Chelle's Budget Page

Or, How I Learned to Stop Worrying and Love the Bank Balance

In April, 1999, our family finances were in a terrible state. We had managed to get behind on our bills, and creditors were calling us. We could make the normal monthly payments, but we couldn't get caught up. In addition, we never seemed to have any money for anything we needed. If one of us had to go to the doctor, or the car needed an oil change, or we needed a new set of sheets for the bed, we were doomed.

I have to say that we didn't fight about our finances. We both brought a lot of debt to the relationship, and we both knew that we were responsible for our share of the problems. In addition, we had kept our finances primarily separate, with Desi giving me a weekly check for her share of the household expenses. But we knew that, in addition to our financial and credit problems, the stress was going to lead to relationship problems, especially since we were both making some bad decisions about how we used the money in our separate checking accounts.

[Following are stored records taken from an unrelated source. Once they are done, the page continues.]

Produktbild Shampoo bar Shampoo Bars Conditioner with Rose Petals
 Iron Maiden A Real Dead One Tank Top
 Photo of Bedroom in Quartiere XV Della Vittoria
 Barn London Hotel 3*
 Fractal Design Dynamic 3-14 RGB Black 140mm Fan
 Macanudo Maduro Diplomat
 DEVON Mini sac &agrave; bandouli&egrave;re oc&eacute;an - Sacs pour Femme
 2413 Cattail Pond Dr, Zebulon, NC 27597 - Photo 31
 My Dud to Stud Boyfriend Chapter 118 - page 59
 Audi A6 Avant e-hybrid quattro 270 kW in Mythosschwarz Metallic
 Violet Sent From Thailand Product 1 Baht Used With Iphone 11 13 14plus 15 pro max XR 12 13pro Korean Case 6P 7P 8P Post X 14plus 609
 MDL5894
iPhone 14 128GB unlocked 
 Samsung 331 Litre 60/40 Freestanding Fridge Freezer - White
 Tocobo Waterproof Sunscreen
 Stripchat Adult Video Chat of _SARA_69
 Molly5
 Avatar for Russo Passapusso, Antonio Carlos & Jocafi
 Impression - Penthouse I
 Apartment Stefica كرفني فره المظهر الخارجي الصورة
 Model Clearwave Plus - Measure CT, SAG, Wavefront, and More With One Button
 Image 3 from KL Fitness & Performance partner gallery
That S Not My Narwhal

Something had to be done. But what?

Financial Peace to the Rescue!

That was when we found a book called Financial Peace. While there was a lot in the book that didn't seem to apply to our current situation, it gave us a lot of good advice about what to do to get our finances in order. We haven't exactly followed the steps in the book, but they gave us a place to start, and we're doing pretty well.

We also turned our credit-card bills over to Genus Credit Management. They're not really that great, from our perspective at least, at getting your debt paid off any faster, nor did they really lower our monthly payments. But they did negotiate some lower interest rates for us, and they do make sure that our bills get paid every month! We're going to have to put in some effort of our own if we want to get out of debt, though.

The links below will lead you to a description of each step of our step-by-step path toward getting ourselves on the road to recovery. Remember, I'm not a financial professional, and this might not work for you. I think that there are some sound principles here, though, that can help anyone.

A Good Long Look

The first thing we had to do was to really look at our financial picture. We had been telling ourselves that it wasn't that bad, that we'd do better when we were making just a little bit more money. That was before we sat down and realized that we were making about $50,000 a year. If we couldn't make it on that, we'd never be able to achieve any of our goals--not the least of which is to be able to live on one income, so that I will be able to stay home with the children we want to have.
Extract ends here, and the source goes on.